If you gave dadasnake your email address and your system supports mailing (to that address), you will receive an email upon start and if the workflow encountered a problem or after the successful run. If there was a problem, you have to check the output and logs.
* Use the -d option of dadasnake or the --dryrun option of Snakemake before the run to check that your input files are where you want them and that you have permissions to write to your target directory. This will also do some checks on the configuration and samples table, so it discovers the majority of errors on a suitable combination of dataset and configuration.
* You can not make two runs of dadasnake write to the same output directory. If you start the second run while the first is still running, you will get an error either indicating that the directory can't be locked, or that the metadata is incomplete. If you've finished the first run already, the dadasnake will tell you that there's nothing to be done. Change the output directory in the config file to be unique for each run.
* A common reason for errors are misformatted inputs, e.g. the databases for the classification or the read files.
* dadasnake should catch most errors related to empty outputs. For example: the filtering is too stringent and no sequences are left; the primers you expected to find are not present; the sequences were truncated too short to be merged. Please report issues where this didn't happen.
* The best way to pinpoint those errors is to first check the .stderr file made by dadasnake (or the Snakemake output, if you run the workflow outside dadasnake). This will tell you which rule encountered the error, and, if you use the cluster submission, the job ID. You may have to search for the error a bit, because dadasnake will try to finish as much as possible of your run before dying. Hint: you can find errors by colour or by searching for "Error in rule".
* If you use the cluster submission, log files for every rule are written into the output directory and you can check the one with the job ID for additional information, otherwise the same information is written to the Snakemake output.
* The logs directory in the output directory contains log files for all steps that can produce comments. They are named with the step and then the name of the rule, so you can check the log file of the step that sent the error. Depending on the tool that sent the error, this will be easy to understand or cryptic. Don't hesitate to raise an issue at https://github.com/a-h-b/dadasnake/issues , if you get stuck.

## How to ...?
**I don't have primers on my reads, what do I do?**
Set `do_primers: false` in the configuration file, but make sure that orientation of the reads is the same.
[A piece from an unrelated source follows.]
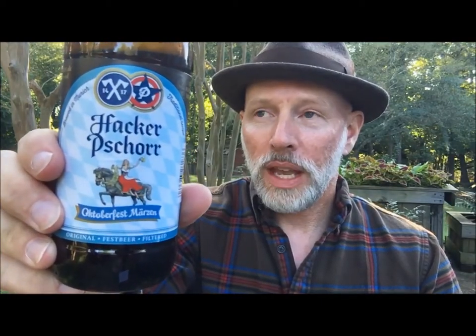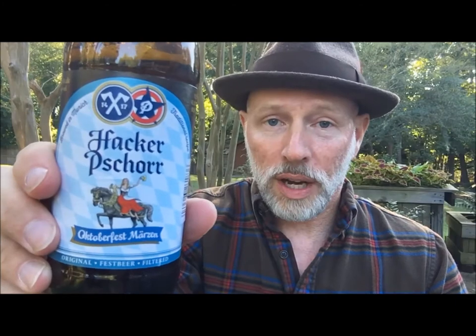Time for the liquid to hit the lips. Prost! Hacker Shore calls their beer Heaven in Bavaria, and once you taste a Hacker Shore Oktoberfest, you will know why it is one of only six beers allowed at the Munich Oktoberfest. It is bready, yeasty, malty, no hops — and that's what I look forward to.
**I did paired end sequencing, but my reads are too short to overlap**
You have two options: 
1) use only one read (usually the first) by setting `paired: false` in the config file and providing only the read you want to use in the samples table. This will run a single-end workflow. The makers of DADA2 would probably recommend this option in most cases.
2) use both reads, set a truncation length for filtering to make sure the sequences have the same lengths and use DADA2's option to "merge" reads without overlap e.g. 

filtering:
  trunc_length:
    fwd: 250
    rvs: 200
pair_merging:
  min_overlap: 0
  just_concatenate: true

**How do I restart a failed run?**
Depends on why it failed...
* If you ran into a time limit or similar, you can just run dadasnake on the same config with the -u option and then again with the -c option. This will make Snakemake pick up where it left off.
* For most other situations, it's probably best to fix what caused the error in your config file and delete the output directory to start from scratch. If you're going to be loosing a lot of run time to that, and you're quite certain the problem is only in the last attempted step, you can try to restart. Ask us, if in doubt.

**Can I restart from a certain step?**
If you're familiar with Snakemake, you can use it to force re-running the steps you need. It's not (yet) part of the dadasnake to do this more comfortably.